The Causes of Asthma

Today there is always a question of why do some people have asthma and why is it more common in the western countries.

The cause of asthma are very complicated.

At times during our lives, the things that we are exposed that may develop into allergies and contributing factors in the environment such as pollution that can determine whether these genes and allergies will cause asthma.
Although asthma is not contagious and cannot develop it through contact with another person, you can inherit the asthma tendency from your parents.
If a parent is a smoker, then a child is twice as likely to develop asthma than children of non-smoking parents.
Children whose mothers smoked during pregnancy have high chances of developing the disease because they were born with smaller airways. During an asthma attack, the patient’s airways become irritated, narrowing and constricting by restricting airflow that result to difficult in breathing.
The “westernized” lifestyle and the environment in developed countries has a lot to do with the chances of whether a person will develop asthma or not.
These factors include pollution, allergies to house dust mites, cats, dogs, and molds.
Ironically, it seems that childhood infections and exposure to substances from bacteria in a dirty environment, assuming such an environment doesn’t kill you, seems to build up a protection against allergies and resistance to asthma.
Allergies are the cause of almost all asthma in young people, meaning that the patient has both inherited genes that have a tendency towards asthma and have been exposed to allergy – producing things in their environment.
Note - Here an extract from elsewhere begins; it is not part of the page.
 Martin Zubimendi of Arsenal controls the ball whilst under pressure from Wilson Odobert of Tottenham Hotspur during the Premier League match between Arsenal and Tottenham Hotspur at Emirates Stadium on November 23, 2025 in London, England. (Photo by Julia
Both the allergies and the genes are the causes for developing asthma, because if either of them were not present then no asthma would develop.

At Glance … Asthma – Causes

It is important to distinguish between causes and triggers of asthma.
o A cause is something without which the effect of having asthma will not happen. Without a cause a patient would not be asthmatic.
o Common causes of asthma include a family history of asthma, allergies and exposure to certain infections at childhood.